Also tested bandwidth from another physical server to the Xen guest. On the guest I started `nc -l 12345 >/dev/null` and on the physical machine a dd of 1GB over the wire:

[zijls@hsl2000 ~]$ dd if=/dev/zero bs=1024k count=1000 | nc 10.10.4.7 12345
1000+0 records in
1000+0 records out
1048576000 bytes (1.0 GB) copied, 14.7358 seconds, 71.2 MB/s

Everything still seems to be fine.

If any further testing is desired, don't hestitate to contact me.

PS: I created an SOS report and uploaded it to RHN, case 2022358.

Comment 20 Stanislaw Gruszka 2010-05-31 08:05:23 UTC
(In reply to comment #19)
> I was unable to boot the Xen kernel with the append dom0_mem=512M:              
> 
>   title Red Hat Enterprise Linux Server (2.6.18-201.el5xen)
>     root (hd0,0)
>     kernel /xen.gz-2.6.18-201.el5 dom0_mem=512M
>     module /vmlinuz-2.6.18-201.el5xen ro root=/dev/vgsan/root
> 
> Rebooted and noticed that all other kernels failed with the same error:
>     "Starting udev: Kernel panic - not syncing: Out of memory and no killable
> processes..."

IIRC this is regression, but seems to be unrelated with network drivers patches.
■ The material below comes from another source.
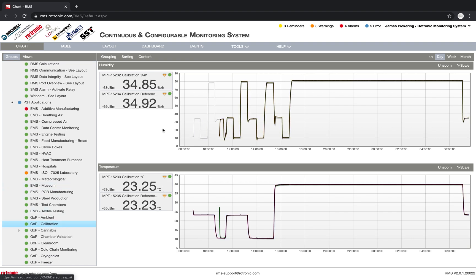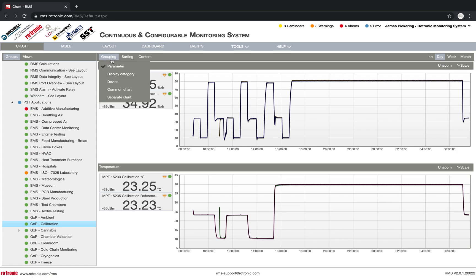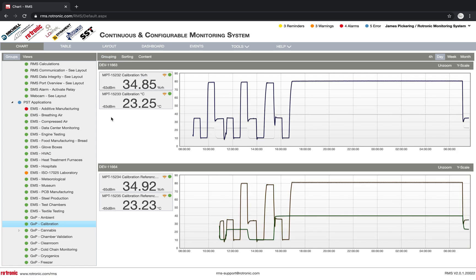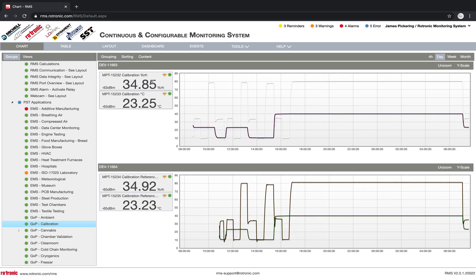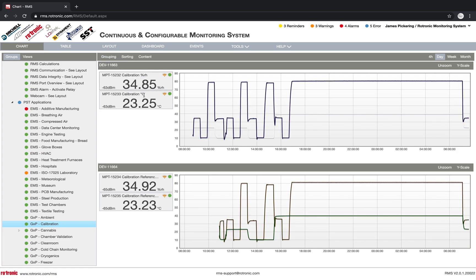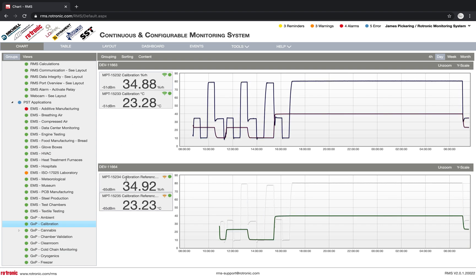So as you can see, I have two different probes that are running. If I go into grouping and I set up by device, I can see that I have my device that's under calibration here. And then I have my calibration reference here below.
Please open new bug report for xen component for that issue.

Comment 25 Douglas Silas 2010-06-28 20:26:57 UTC
Technical note added. If any revisions are required, please edit the "Technical Notes" field
accordingly. All revisions will be proofread by the Engineering Content Services team.

New Contents:
Large-Receive Offload (LRO) is a performance optimization that enables the kernel to fetch and process, as a unit, more than one received packet from a network device. It was previously not possible to dynamically disable LRO for devices in a forwanding mode. This has been fixed with this update so that the kernel is able to dynamically disable LRO for devices in a forwarding state, or which had had LRO turned on manually.
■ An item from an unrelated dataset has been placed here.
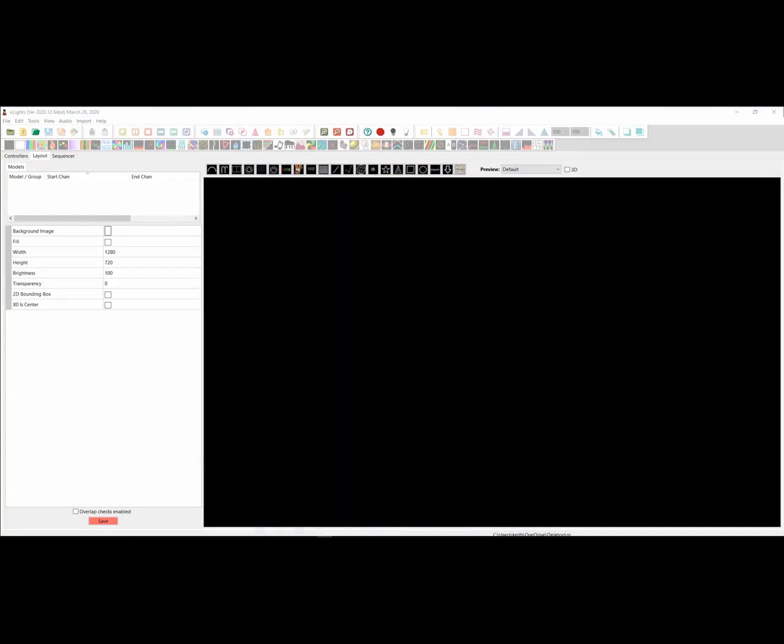Hey guys, Keith here. In 2020.12, one of the changes we've introduced is the concept of super strings — a very old concept used back before we had pixels. When you didn't have smart or dumb pixels, people used to take strings of LEDs and twist them together to create what are commonly called super strings, then using a Renard or LOR type controller to turn on and fade the various LED strings to create a variety of effects.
Comment 28 Stanislaw Gruszka 2010-08-02 09:24:56 UTC
*** Bug 586352 has been marked as a duplicate of this bug. ***

Comment 29 Alan Pevec 2010-11-19 08:44:07 UTC
    Technical note updated. If any revisions are required, please edit the "Technical Notes" field
    accordingly. All revisions will be proofread by the Engineering Content Services team.
    
    Diffed Contents:
@@ -1 +1 @@
-Large-Receive Offload (LRO) is a performance optimization that enables the kernel to fetch and process, as a unit, more than one received packet from a network device. It was previously not possible to dynamically disable LRO for devices in a forwanding mode. This has been fixed with this update so that the kernel is able to dynamically disable LRO for devices in a forwarding state, or which had had LRO turned on manually.+Large-Receive Offload (LRO) is a performance optimization that enables the kernel to fetch and process, as a unit, more than one received packet from a network device. It was previously not possible to dynamically disable LRO for devices in a forwarding mode. This has been fixed with this update so that the kernel is able to dynamically disable LRO for devices in a forwarding state, or which had had LRO turned on manually.

Comment 33 Alan Pevec 2010-11-26 09:15:07 UTC
Comment on attachment 406910 [details]
bnx2x patch

Thanks for clarification Stanislaw!
Marking  patch in comment 4 obsolete to avoid further confusion.

Comment 34 Hangbin Liu 2010-12-03 07:43:34 UTC
verified bnx2x driver on kernel 2.6.18-235.el5

# uname -a
Linux hp-bl685cg6-01.rhts.eng.bos.redhat.com 2.6.18-235.el5 #1 SMP Wed Dec 1 12:27:10 EST 2010 x86_64 x86_64 x86_64 GNU/Linux
# ethtool -i eth0
driver: bnx2x
version: 1.52.53-4
firmware-version: bc 4.8.0 phy baa0:0105
bus-info: 0000:03:00.0
# service network stop
# modprobe -r bnx2x
# modprobe bnx2x disable_tpa=0     
PCI: Enabling device 0000:03:00.0 (0040 -> 0042)
PCI: Enabling device 0000:03:00.1 (0040 -> 0042)
# service network start
# brctl addbr bridge
Bridge firewalling registered
# brctl addif bridge eth0
# dmesg | tail
...
Disabled lro on eth0
...

On kernel 2.6.18-194.el5 there is no such message


didn't test mlx4_en and s2io as there is no these patches .
enic have a  update driver version on kernel 2.6.18-227.el5 , replace LRO with GRO , needn't test too .

Comment 36 errata-xmlrpc 2011-01-13 21:27:23 UTC
An advisory has been issued which should help the problem
described in this bug report. This report is therefore being
closed with a resolution of ERRATA. For more information
on therefore solution and/or where to find the updated files,
please follow the link below. You may reopen this bug report
if the solution does not work for you.

http://rhn.redhat.com/errata/RHSA-2011-0017.html